Material for this exercise Block Start

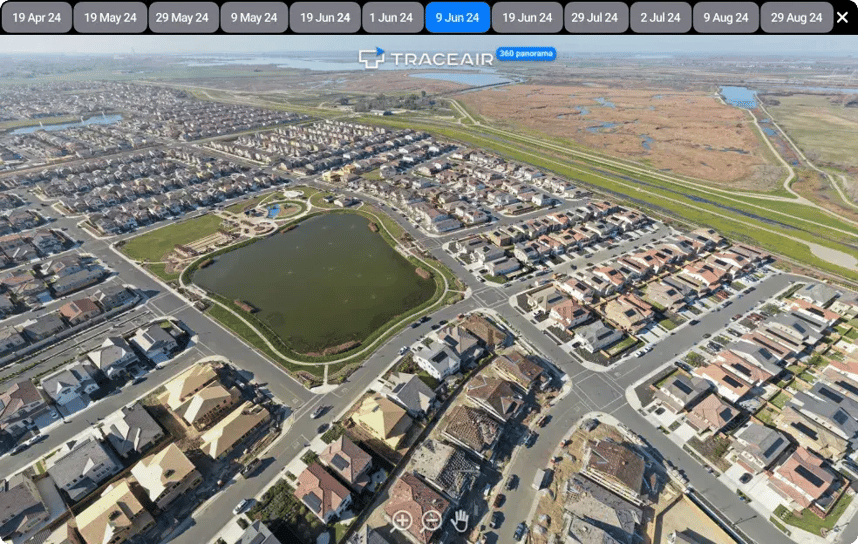 Close-up Visuals of Homes at any Stage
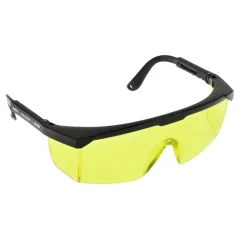 Gelbe verstellbare Schutzbrille GEKO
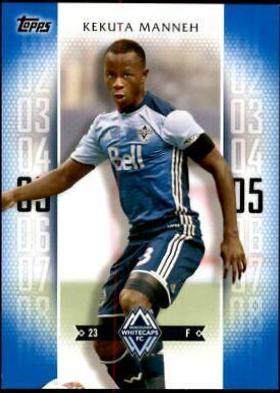 Kekuta Manneh [Blue] #150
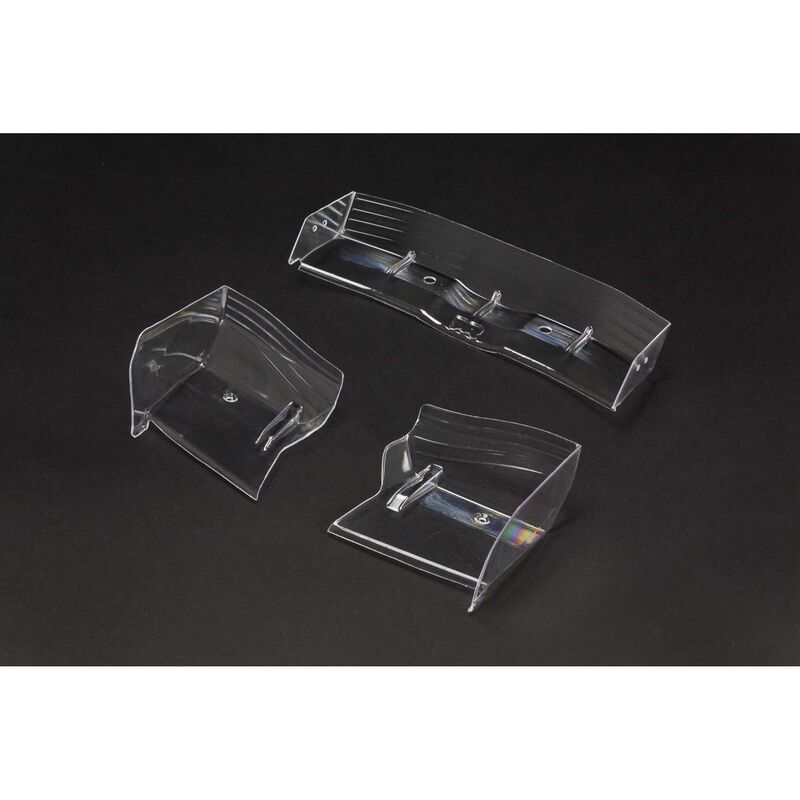Arrma Limitless Clear Wing Set
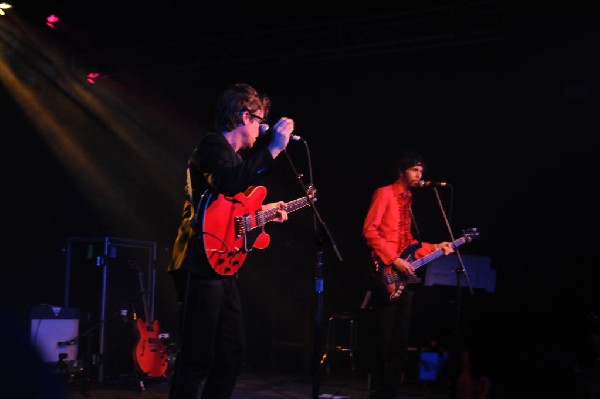 The 88 at SXSW2010 at La Zona Rosa Austin, Texas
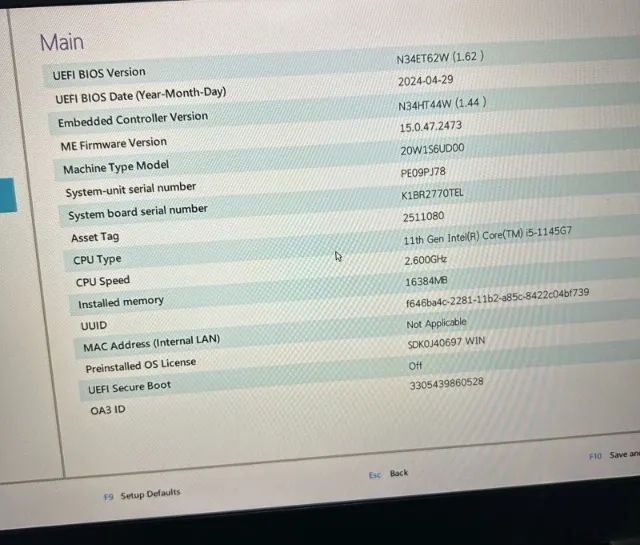 Notebook Lenovo ThinkPad T14 - Foto 4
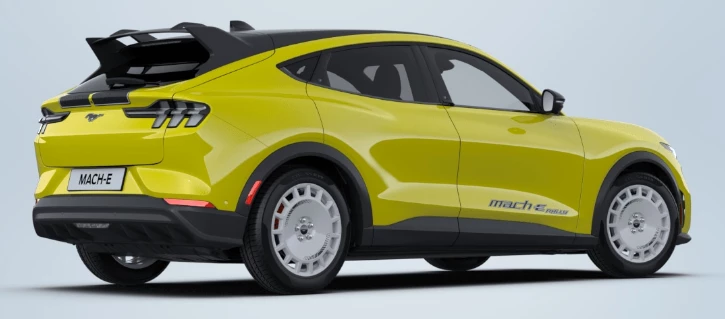 Ford Mustang Mach-E Rally Extended AWD 91 kWh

Material for this exercise Block End

** About this exercise **
All of the records need to be reproduced exactly, with each picture omitted.

** Written solution **
 Close-up Visuals of Homes at any Stage
 Gelbe verstellbare Schutzbrille GEKO
 Kekuta Manneh [Blue] #150
Arrma Limitless Clear Wing Set
 The 88 at SXSW2010 at La Zona Rosa Austin, Texas
 Notebook Lenovo ThinkPad T14 - Foto 4
 Ford Mustang Mach-E Rally Extended AWD 91 kWh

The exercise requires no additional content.